Weird, here we are using Are (100m²) and Hectare (10,000m²). Till now I equated Acre with Are but it turns out they are different things.
> Till now I equated Acre with Are but it turns out they are different things.

Oh well, so did I. Until your post I thought `acre` was the translation of `are`.

> An acre isn't purely a measurement of area of undefined shape - it also has a defined width and length.

This is wrong. Acres are defined as the area encompassed by a particular set of lengths, but acres do not have specified widths and lengths because it is a unit of area, not of width or length. Acres can be any shape. They do not have to be rectangular.

The page appears to talking about the Apex Regional landfill near Las Vegas, Nevada, which has an _area_ of 2200 acres. Though you'd never know it because the page has no citations anywhere.

> This is wrong

https://en.wikipedia.org/wiki/Acre

> defined as the area of one chain by one furlong

> Originally, an acre was understood as a selion of land sized at forty perches (660 ft, or 1 furlong) long and four perches (66 ft) wide [...]. As a unit of measure, an acre has no prescribed shape; any area of 43,560 square feet is an acre.

Looks like both usages have existed.

"The area of" is important there.

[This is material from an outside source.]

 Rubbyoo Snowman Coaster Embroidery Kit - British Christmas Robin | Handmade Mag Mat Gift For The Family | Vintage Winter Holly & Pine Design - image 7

If you're going by what wikipedia says, perhaps you could keep reading to the part where it also says "As a unit of measure, an acre has no prescribed shape; any area of 43,560 square feet is an acre."
Right but when someone specifically says 'width' for acre then what do you do? Assume they mean the width of a traditional acre, or claim you have no idea what they mean?
Well in this case they're apparently talking about something that has 2200 acres area, not widths-worth.